Captioned web images:
• • • •

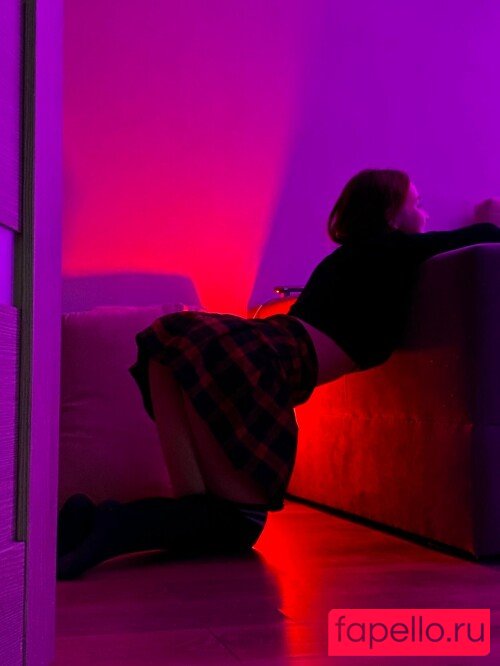 Gigifiree Nude Onlyfans Photo 30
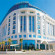 Photos Eser Premium Hotel & Spa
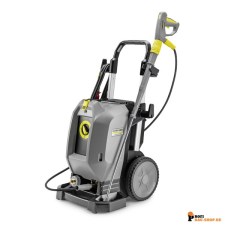 kaercher/Kaercher_12869590_1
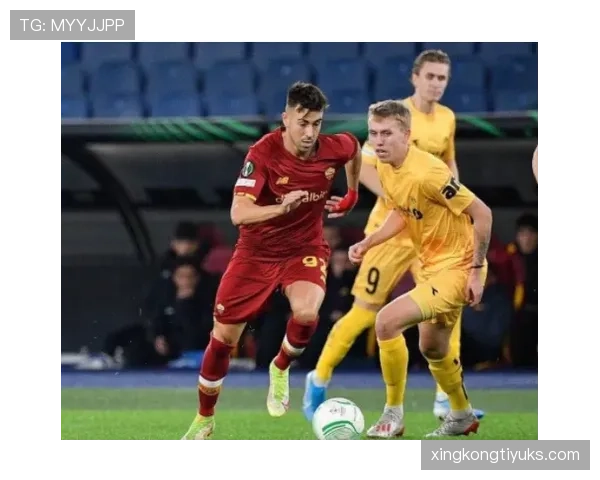 拉菲尼亚与安东尼：进攻效率及战术适配性对比分析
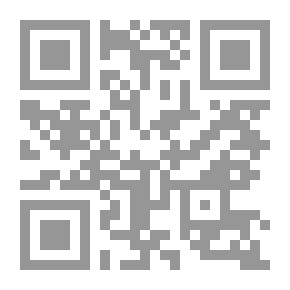 Qr Code موصل الطلاب إلى قواعد الإعراب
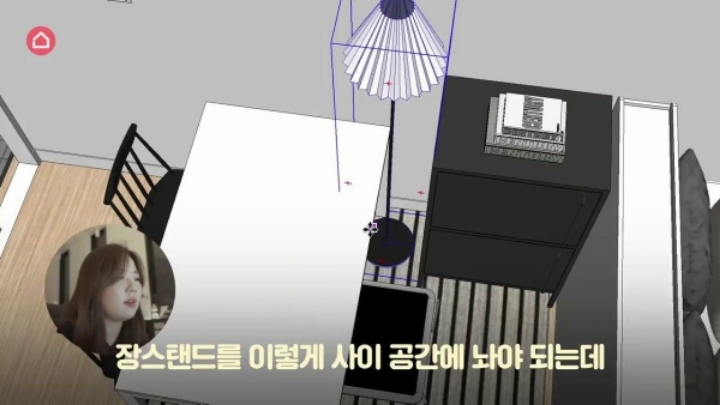 78f9b9e7e2ed43d1f0e155c7e1ae421edef5b5f0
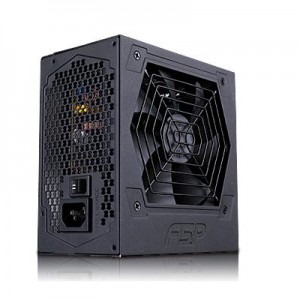 FSP HEXA 500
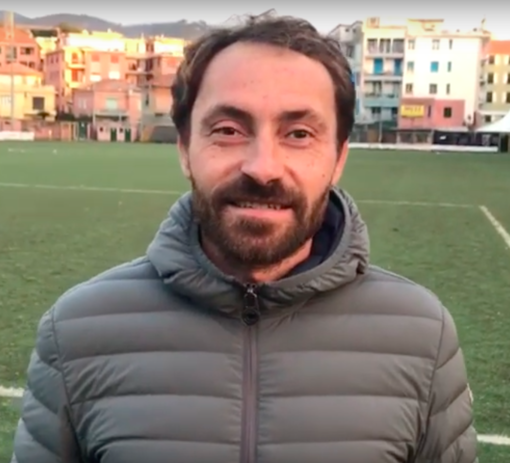 VIDEO A Ciassetta-San Desiderio, il commento di Franco Montemarano
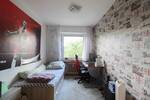 Etagenwohnung Bergheim Ahe - 3 Zimmer, 71 m&sup2;, 78.000&euro; | Angebot:26572288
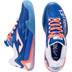 Joma A1 Padel Limited Edition Heren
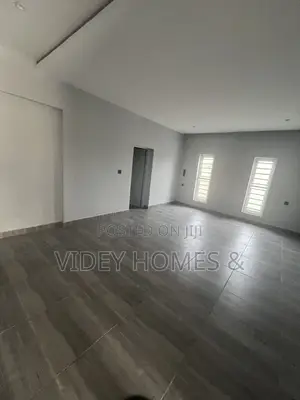 1bdrm Apartment in Sunnyvale Estate, Dakwo District for rent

• • • •

Once the pictures are removed, reproduce the remaining entries above exactly.

Solution for this problem =
 Gigifiree Nude Onlyfans Photo 30
 Photos Eser Premium Hotel & Spa
 kaercher/Kaercher_12869590_1
 拉菲尼亚与安东尼：进攻效率及战术适配性对比分析
 Qr Code موصل الطلاب إلى قواعد الإعراب
 78f9b9e7e2ed43d1f0e155c7e1ae421edef5b5f0
 FSP HEXA 500
 VIDEO A Ciassetta-San Desiderio, il commento di Franco Montemarano
 Etagenwohnung Bergheim Ahe - 3 Zimmer, 71 m&sup2;, 78.000&euro; | Angebot:26572288
 Joma A1 Padel Limited Edition Heren
 1bdrm Apartment in Sunnyvale Estate, Dakwo District for rent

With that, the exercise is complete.